Obamiker gegen Sanderisten – die Fronten sind abgesteckt, aber in den Medien ist keine grosse Lust festzustellen, über die Auseinandersetzung zu berichten. Auch sie hat der Wahlausgang contrepied erwischt. Zudem ist die Vorstellung, Politik entlang des Unterschieds zwischen oben und unten zu betreiben, dem medialen «mainstream» eher fremd. Den offensiven Part spielen die Sanderisten, die seit der Niederlage sozusagen im Ballbesitz sind.

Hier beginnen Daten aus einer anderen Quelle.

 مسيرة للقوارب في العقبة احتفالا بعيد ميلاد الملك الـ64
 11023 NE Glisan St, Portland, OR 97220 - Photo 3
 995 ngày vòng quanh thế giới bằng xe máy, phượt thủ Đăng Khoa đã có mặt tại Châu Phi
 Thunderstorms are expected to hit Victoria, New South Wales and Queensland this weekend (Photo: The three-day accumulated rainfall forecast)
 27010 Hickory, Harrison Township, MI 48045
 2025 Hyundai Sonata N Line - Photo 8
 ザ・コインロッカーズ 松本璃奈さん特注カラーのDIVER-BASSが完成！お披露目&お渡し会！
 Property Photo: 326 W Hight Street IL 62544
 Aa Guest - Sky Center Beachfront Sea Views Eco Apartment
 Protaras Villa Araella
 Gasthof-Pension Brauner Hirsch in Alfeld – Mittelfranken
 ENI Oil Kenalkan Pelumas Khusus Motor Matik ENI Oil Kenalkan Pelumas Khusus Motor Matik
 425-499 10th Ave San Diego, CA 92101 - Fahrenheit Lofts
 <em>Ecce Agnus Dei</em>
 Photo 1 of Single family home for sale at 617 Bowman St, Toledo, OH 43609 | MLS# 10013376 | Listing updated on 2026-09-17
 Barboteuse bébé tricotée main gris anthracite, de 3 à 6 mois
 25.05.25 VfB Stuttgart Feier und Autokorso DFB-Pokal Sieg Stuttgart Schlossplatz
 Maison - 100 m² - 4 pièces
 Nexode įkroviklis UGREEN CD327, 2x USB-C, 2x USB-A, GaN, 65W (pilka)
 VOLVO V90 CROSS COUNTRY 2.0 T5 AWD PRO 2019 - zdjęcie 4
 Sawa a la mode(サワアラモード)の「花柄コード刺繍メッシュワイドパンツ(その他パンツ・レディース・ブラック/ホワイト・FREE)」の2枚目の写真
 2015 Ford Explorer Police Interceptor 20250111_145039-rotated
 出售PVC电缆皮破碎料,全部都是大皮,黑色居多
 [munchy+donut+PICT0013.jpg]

Denn die Wahrscheinlichkeit ist hoch, dass der Sozialist Bernie Sanders die Wahl gewonnen hätte, wenn er anstelle der intern durchgewuchteten Kandidatin Clinton nominiert worden wäre: Wie Trump sprach er über die Nachteile von Freihandel und Globalisierung, aber anders als Trump ohne Fremdenhass und Verachtung der Schwachen.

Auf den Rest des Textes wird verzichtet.